Dead Head Fred PSP Review

As the government wiggles ever nearer to launching another generation of fission reactors, it’s worth reflecting on the near mystical significance which still clings to nuclear energy over half a century after its ‘unveiling’ at Hiroshima and Nagasaki. The infamous three-bladed radiation symbol and mushroom cloud are icons as potent in pop culture as the crucifix and Marilyn Monroe, and have acquired the own fevered little congregation of creative devotees: filmmakers like Stanley Kubrick and James Cameron, writers like Phillip K. Dick, and latterly the makers of videogames like the peerless Fallout series.

Dead Head Fred burrows into this enduring fascination and gene-splices it with Tales of the Crypt to create its own, novel breed of ghoulish noir. Fred is your average private dick, getting the lowdown on a controversial new power plant at the rotting burg of Hope Falls, only to be decapitated by local big cheese Ulysses Pitt. Fortunately for Fred, Pitt’s pet crackpot Doc Steiner takes pity on his decomposing hide and squirrels it away to his lab, where he reanimates Fred with the aid of a power drill and a jar of formaldehyde. Rather than dusting for prints, calling in favours and putting two and two together, Fred figures the best way to recover his head is to bust somebody else’s (that and a little platform hopping, anyway) and so begins another ten-to-fifteen-hour bout of stylish but well-worn action adventure shenanigans.

Rather than pick skills from some menu, Fred can swap his pickling jar for any misplaced domes he comes across in his quest and benefit from their properties. There are nine of these heads for the reaping and it’s here that the game is at its most imaginative. The Shrunken Head, predictably enough, shrinks Fred to the size of a matchbox, while the Corpse Head gives him foe-debilitating bad breath and lets him suck up and spit out huge quantities of fluid, be it water, oil or blood. The Bone Head comes with claws and a toothy ranged attack. And the Dummy Head lets Fred talk to those still among the living without causing them to throw up. Hey, a guy’s gotta be able to hang with the liddle people, don’t he?

Each of these heads comes with a grotesquely plausible parcel of animations. Don the Stone Head and Fred will stamp and swing his arms like a gorilla, while the Corpse Head gives him a hunched, shambolic gait. Enemy and NPC rosters display a high level of finish and are delightfully eccentric, running the gamut from hooded executioners and headless horsemen to skeletal mobsters and a busty voodoo priestess. Without a doubt, the character models are Dead Head Fred‘s silver bullets in the chamber.

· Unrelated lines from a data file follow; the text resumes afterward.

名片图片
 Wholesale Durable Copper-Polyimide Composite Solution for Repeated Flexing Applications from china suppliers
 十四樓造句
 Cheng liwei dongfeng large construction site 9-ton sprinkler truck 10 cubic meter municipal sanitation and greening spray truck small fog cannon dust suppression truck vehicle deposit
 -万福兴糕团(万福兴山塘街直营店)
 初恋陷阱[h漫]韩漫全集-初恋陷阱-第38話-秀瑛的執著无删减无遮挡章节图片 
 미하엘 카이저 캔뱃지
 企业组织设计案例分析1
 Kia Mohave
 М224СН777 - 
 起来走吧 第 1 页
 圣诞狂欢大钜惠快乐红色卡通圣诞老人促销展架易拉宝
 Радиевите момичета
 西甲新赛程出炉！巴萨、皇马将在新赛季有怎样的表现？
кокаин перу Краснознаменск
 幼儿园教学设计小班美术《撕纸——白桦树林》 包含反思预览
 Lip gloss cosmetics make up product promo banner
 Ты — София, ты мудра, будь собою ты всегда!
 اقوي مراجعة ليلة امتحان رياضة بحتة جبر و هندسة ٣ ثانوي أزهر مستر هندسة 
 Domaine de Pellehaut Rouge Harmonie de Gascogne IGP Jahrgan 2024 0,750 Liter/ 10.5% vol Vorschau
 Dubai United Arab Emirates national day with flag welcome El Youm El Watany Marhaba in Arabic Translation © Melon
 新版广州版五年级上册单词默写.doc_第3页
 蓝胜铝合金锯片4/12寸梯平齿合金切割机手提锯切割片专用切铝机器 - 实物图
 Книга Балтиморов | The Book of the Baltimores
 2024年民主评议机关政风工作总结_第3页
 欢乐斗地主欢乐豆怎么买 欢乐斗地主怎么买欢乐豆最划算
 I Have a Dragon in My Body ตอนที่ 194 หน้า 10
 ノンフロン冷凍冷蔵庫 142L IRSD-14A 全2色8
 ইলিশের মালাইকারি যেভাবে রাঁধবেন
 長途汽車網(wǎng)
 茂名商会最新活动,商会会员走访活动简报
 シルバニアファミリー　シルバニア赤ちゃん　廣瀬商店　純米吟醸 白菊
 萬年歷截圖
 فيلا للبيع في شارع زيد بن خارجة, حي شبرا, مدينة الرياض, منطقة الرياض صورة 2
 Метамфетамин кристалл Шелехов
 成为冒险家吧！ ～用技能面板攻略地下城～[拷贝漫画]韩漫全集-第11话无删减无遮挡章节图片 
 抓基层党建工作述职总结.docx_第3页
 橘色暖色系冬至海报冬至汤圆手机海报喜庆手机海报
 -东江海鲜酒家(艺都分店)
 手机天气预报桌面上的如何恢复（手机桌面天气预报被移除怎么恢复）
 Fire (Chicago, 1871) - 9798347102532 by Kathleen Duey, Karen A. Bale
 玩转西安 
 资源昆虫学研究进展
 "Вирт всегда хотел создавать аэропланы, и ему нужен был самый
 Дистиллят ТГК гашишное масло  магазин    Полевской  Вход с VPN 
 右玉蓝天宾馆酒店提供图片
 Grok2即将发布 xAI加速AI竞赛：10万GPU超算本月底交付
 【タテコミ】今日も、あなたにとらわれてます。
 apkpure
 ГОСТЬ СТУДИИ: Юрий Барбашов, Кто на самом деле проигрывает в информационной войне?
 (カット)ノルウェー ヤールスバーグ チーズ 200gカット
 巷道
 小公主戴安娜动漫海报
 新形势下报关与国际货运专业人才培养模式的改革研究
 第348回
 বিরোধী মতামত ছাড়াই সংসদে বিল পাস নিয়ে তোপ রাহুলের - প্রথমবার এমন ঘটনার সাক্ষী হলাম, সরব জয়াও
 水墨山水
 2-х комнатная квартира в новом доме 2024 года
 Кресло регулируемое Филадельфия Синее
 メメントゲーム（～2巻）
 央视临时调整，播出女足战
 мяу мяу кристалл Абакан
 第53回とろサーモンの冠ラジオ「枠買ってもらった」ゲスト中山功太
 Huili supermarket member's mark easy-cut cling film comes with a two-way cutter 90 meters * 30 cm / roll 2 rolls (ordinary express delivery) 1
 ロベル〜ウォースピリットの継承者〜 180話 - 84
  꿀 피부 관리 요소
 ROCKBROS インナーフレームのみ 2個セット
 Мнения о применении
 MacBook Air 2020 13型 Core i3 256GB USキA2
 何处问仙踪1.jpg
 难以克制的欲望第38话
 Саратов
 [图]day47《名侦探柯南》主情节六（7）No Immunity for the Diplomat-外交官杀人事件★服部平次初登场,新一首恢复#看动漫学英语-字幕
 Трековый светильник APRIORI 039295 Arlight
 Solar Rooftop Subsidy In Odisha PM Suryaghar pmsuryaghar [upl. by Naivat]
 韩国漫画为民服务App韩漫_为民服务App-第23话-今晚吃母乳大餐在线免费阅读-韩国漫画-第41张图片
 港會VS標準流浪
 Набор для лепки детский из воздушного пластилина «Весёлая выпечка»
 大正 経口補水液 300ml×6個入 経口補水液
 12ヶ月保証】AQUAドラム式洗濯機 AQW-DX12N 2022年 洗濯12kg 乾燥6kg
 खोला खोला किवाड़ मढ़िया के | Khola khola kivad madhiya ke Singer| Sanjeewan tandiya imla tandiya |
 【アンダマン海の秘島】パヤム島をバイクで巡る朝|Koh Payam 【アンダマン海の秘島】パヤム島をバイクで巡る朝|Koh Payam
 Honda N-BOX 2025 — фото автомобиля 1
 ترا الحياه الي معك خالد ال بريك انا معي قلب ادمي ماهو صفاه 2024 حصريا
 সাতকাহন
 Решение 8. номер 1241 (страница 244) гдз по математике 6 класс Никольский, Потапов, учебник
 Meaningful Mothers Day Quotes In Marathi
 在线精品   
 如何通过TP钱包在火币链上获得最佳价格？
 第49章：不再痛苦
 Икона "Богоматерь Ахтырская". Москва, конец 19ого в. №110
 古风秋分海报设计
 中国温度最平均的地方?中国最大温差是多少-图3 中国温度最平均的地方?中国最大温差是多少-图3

It’s just a shame, given such a diversity of interaction options, that the adventuring is so thoroughly… unadventurous. Where a more ambitious developer might have painted broad vistas stocked with intricate, multi-dimensioned obstacles, Vicious has settled for well signposted, corridor levels and environmental puzzles which rarely require you to do more than pick the right head and whack a button. Spot a mousehole? Shrunken Head it is then. Conspicuously fragmented section of wall? Equip Stone Head and smash, check. It ticks enough boxes to keep you engaged but never overflows with inventiveness, and the platforming elements are marred by the poorly angled camera.

You’ll get the most out of your heads during combat, but despite all the different move sets duking it out is not one of the game’s strong points. You can throw punches with square and modify the ensuing combos with X to dish out knock-back attacks like a shoulder barge. Once your enemies have been stunned, smackdowns can be very messily administered with the triangle button. Holding right trigger lets you block, and right trigger plus a face button unleashes one of two head-specific unblockable Rage attacks. Your enemies will frequently wind up Rage attacks of their own, and you can counter these by hitting triangle whilst wearing an appropriate head, cue one of those QTE mash-the-button-to-fill-the-bar sequences which, hopefully, will be identified as a crime against decency once the BBFC gets shot of Manhunt 2.

It’s solid but hardly inspiring stuff and the implementation isn’t quite up to the job. The camera is even more lifeless than Fred himself and, together with your inability to lock on or strafe, makes it hard to tackle more than one opponent at once. Be prepared to get mobbed. The good Doc must have got a few wires crossed when he put Fred’s nervous system back together because X serves as both combo modifier and jump button. Mis-time your attacks and it’ll revert to the latter function, sending you bouncing backwards and forwards like Labour’s environmental policy. Oish. Dat’s gotta hoit.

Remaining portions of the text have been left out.